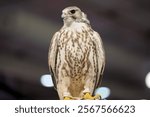 Doha, Qatar: Portrait of a falcon at Katara International Hunting and Falcons Exhibition 2024 (S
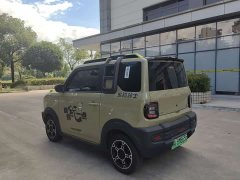 Lynk & Co Panda 210km Panda Rider - фото 6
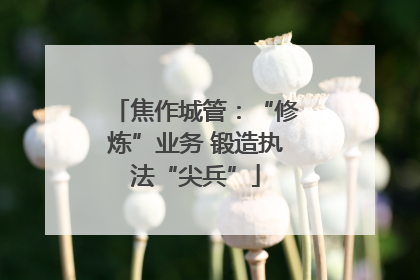 焦作城管：“修炼”业务 锻造执法“尖兵”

--- WHAT IS BEING ASKED ---
Copy out the material above in full and exactly, but with no pictures.

--- FINAL ANSWER ---
 Doha, Qatar: Portrait of a falcon at Katara International Hunting and Falcons Exhibition 2024 (S
 Lynk & Co Panda 210km Panda Rider - фото 6
 焦作城管：“修炼”业务 锻造执法“尖兵”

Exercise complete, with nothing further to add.